Principle:Allenai Open instruct SFT Dataset Preparation
| Knowledge Sources | |
|---|---|
| Domains | Machine Learning, Natural Language Processing, Data Engineering |
| Last Updated | 2026-02-07 00:00 GMT |
Overview
SFT dataset preparation is the process of loading, mixing, tokenizing, and caching instruction-tuning datasets so that they are ready for supervised fine-tuning of language models.
Description
Before a language model can be fine-tuned on instruction-following data, the raw datasets must undergo several transformation stages. This principle covers the end-to-end pipeline of preparing training data for SFT:
Dataset mixing allows combining multiple instruction-tuning datasets in specified ratios. Each dataset may contribute a different proportion of the final training set, controlled by mixing ratios. For example, a mix might include 50% of a math reasoning dataset, 30% of a general instruction-following set, and 20% of a code dataset. Mixing ratios can be specified as fractions (proportions of the original dataset) or absolute sample counts.
Tokenization converts the raw text conversations into token IDs suitable for the model. This involves applying a chat template to structure the conversation into the model's expected format (e.g., adding special tokens for user/assistant turns), then encoding the result into integer token sequences. The tokenizer must be properly configured with the correct chat template, BOS/EOS tokens, and special tokens for the target model.
Caching avoids redundant reprocessing. A SHA-based hash is computed from the dataset configuration (dataset names, mixing ratios, tokenizer settings, transform functions) to create a deterministic cache key. If a cached version with the same hash exists, it is loaded directly.
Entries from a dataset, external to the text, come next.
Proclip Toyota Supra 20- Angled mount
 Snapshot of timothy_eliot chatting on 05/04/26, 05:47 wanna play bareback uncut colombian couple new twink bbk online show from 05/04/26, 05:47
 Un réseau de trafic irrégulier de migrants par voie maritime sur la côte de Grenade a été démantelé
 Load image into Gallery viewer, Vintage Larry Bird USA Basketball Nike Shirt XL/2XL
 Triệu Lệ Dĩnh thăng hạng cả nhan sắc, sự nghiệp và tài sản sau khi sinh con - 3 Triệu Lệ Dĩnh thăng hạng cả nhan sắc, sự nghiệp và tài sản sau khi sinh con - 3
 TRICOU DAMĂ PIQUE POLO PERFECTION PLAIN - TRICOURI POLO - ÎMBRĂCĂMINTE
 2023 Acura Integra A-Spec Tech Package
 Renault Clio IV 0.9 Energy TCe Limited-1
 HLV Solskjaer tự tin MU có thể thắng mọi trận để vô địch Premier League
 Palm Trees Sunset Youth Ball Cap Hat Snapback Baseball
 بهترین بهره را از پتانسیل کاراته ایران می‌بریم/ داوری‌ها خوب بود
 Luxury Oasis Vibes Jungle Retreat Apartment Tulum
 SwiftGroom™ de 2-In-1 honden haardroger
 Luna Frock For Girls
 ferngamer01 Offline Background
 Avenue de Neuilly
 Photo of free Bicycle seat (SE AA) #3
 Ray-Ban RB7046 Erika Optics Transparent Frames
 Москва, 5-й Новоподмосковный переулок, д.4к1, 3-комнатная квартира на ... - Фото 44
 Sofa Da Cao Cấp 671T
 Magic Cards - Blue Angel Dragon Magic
Caching can be performed locally on disk or via the HuggingFace Hub.
Usage
Use this technique whenever preparing training data for SFT. It is especially important when:
- Training with multiple datasets that need to be combined in specific ratios
- Iterating on experiments where re-tokenizing the same data would waste compute
- Working in distributed training environments where data consistency across workers is critical
- Reproducing prior training runs, since the SHA-based cache key ensures identical data preparation
Theoretical Basis
The dataset preparation pipeline follows a functional transformation model:
raw_datasets -> mix(ratios) -> tokenize(chat_template) -> filter(max_seq_length) -> cache(SHA_hash) -> Dataset
Mixing ratios: Given datasets D_1, D_2, ..., D_k with mixing ratios r_1, r_2, ..., r_k, the final dataset D is formed by sampling n_i = r_i * |D_i| examples from each dataset (when r_i is a float proportion) or n_i = r_i examples (when r_i is an integer count).
Cache key computation: The config hash is computed as:
hash = SHA256(
dataset_names || mixing_ratios || split_names ||
tokenizer_files_hash || chat_template ||
transform_fn_names || transform_fn_args ||
seed
)
This ensures that any change to the dataset configuration produces a different cache key, preventing stale data from being used.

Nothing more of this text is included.